To finish things up Hoxton treated their XS650 to a complete rewire, ditching any redundant excess and relocating everything out of sight. As for the paint they settled on an iconic scheme from Yamaha’s past, red and white striped livery, which also has similarities to a scheme seen on Bonnevilles of the ’60s.
“During the road test we noticed the motor was burning oil,” says Shaun, which was a huge setback, but not enough to deter them from reaching their goal. “We had no choice but to dismantle the entire bike. We reluctantly removed the engine, stripped the top-end and reconditioned it with new rings, valve seals and gaskets.” Thankfully with the motor reinstalled the XS was once again a healthy and a “non-smoker.”

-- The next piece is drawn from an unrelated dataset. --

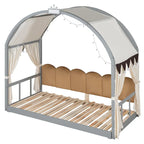 Massivholz-Spielhaus-Plattformbett, Montessori-Bettrahmen mit gewölbtem Dach und Ausziehbett für Mädchen und Jungen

“Apart from a few inspired deviations, it is very close to our original design,” says Shaun. “The ride feels nostalgic, hearty and laid-back – yet, at times, encourages a respectful spanking.”
While Hoxton’s XS650 may not be as blatantly customised as other bikes that grace these pages, this build is right up our ally. By applying just the right amount of custom tweaks Hoxton has created a one of a kind ride that many would incorrectly assume as a beautifully restored original. We hope Shaun and his team will take such misconceptions as flattering compliments.